Chicagoans' fevered menu-touring prompted Meez Meals in November to launch "Meals for Good," a series of partnerships with area restaurants and chefs who lend a guest recipe each month. A portion of the proceeds from those menu items is donated to Common Threads.
This month, Heather Terhune, executive chef at Sable Kitchen and Bar, recreated her South Indian vegetable curry dish for home chefs to make themselves.
The dish costs $10-$19 in the restaurant, depending on portion size. Meez customers can order a serving for $8-$12.
Between Meez Meals' founding in 2010 and Madison & Rayne's debut last year, venture capitalist Matt Salzberg launched Blue Apron, a behemoth national brand that serves 40 states.
Moore said she'd prefer to have deep roots here than expand quickly outside of Chicago.
"One of the really nice things about our business is that it's a local business," she said. "We live in Chicago, we use local suppliers and we are very much in tune what the weather is doing, and we can change our menu pretty quickly."
"When it got warm early last year we changed our menu to reflect that. This has been such a good stew-type winter, and we definitely customize things that way."
Meez Meals and Madison & Rayne both source their foodstuffs from local purveyors. Meez partners include Phoenix Bean in Andersonville, which supplies them with tofu, and Bennison's Bakery in Evanston for fresh bread.
"To the extent that we can, we're sourcing through local farms," Mityas said. "Josh also adjusts the menu to reflect what's in season, and we always change the menu completely every couple months. On average there's 2½ new things each week, largely determined by what ingredients are available."
Fad or Revolution?
Harry Balzer, chief industry analyst and vice president of the NPD Group, said he's hesitant to call this trend the future of cooking.
"I think a trend in food throughout humanity is to find somebody else to do the cooking," Balzer said. "We don't want to do the shopping, we don't want to do the prepping, we don't want to do the cleanup ... and we want new things, so it's no surprise that if you give me something new, I'll try it. That doesn't mean it'll be around forever."
Shelley Young said that her Chopping Block shops are competing with delivery programs among similar consumer pools, but she said the meal prep delivery service has some limitations that her in-house cooking model does not.
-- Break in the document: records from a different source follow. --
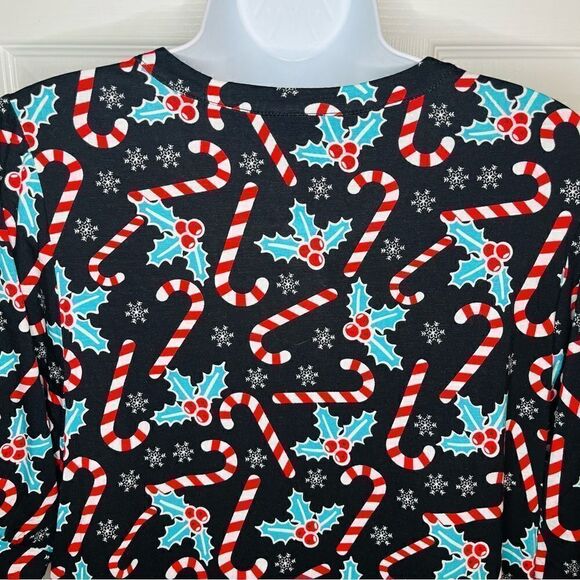 Modcloth Winning Them Over Short Sleeve Holiday Top Black Candy Cane 1X NWT - Picture 8 of 11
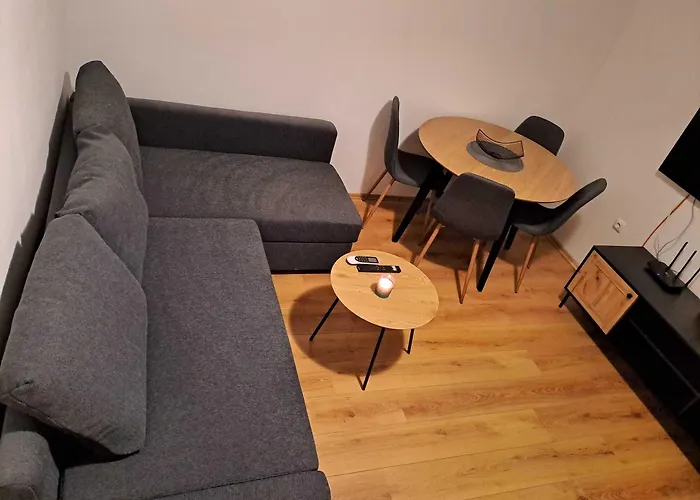 아파트 Apartmensts Arsen 928 *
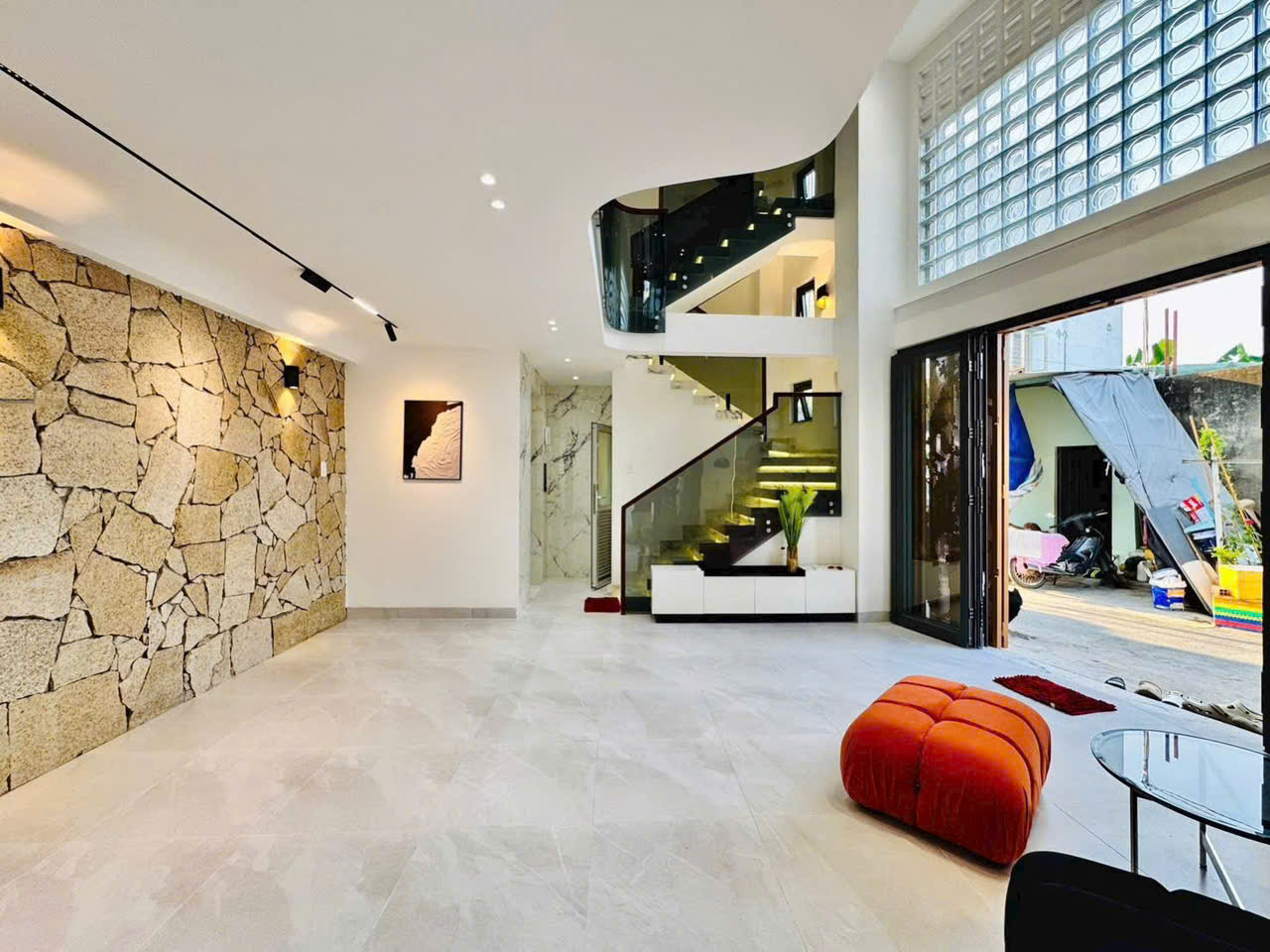 z4137770184516_88ab4471ab4be50b9cac0c8a9396dc63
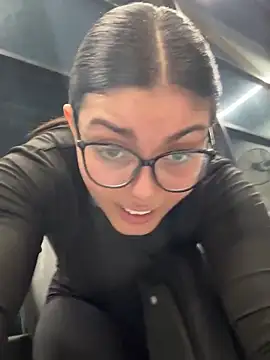 Snapshot of zui_lu chatting on 02/15/25, 05:09 zui lu online show from 02/15/25, 05:09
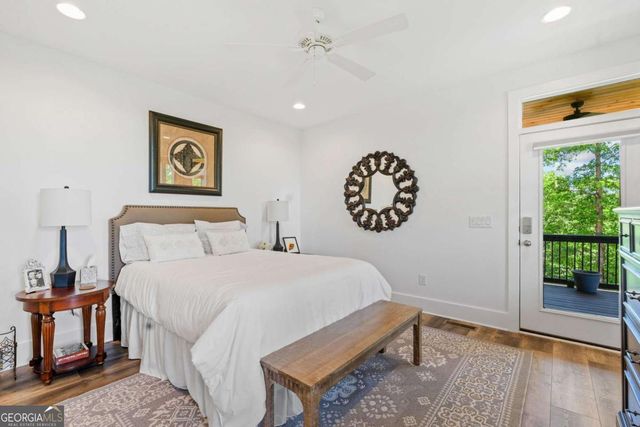 77 N Shore Drive, Cleveland, GA 30528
She noted that prechopping produce, no matter how fresh, causes vegetables and fruits to lose nutrients if they aren't cooked and consumed quickly.
"Vitamin C is air-soluble, so you lose most of the vitamin C within 24 hours," she said. "Also, flavor is huge. When you buy coffee, most people get that if you buy coffee that's already ground — it's been sitting on the shelf for however long — it doesn't have the flavor of freshly ground coffee."
Both Meez Meals and Madison & Rayne have begun targeting single chefs and home cooks with dietary restrictions themselves or in their families to posture their business as a solution to health concerns in addition to being a fun learning experience.
Young said there's room for all of them in Chicago.
"Our mission is to get the country to cook," she said. "If you need to buy prechopped ingredients and whatever, premade things to make that happen for you, fine. I don't have any judgment about that. Everybody has different time restraints, they have different concerns they have different budgets."
"When you cook at home, even if you're just cooking for yourself, it's a way to honor yourself that you don't experience when you are eating takeout."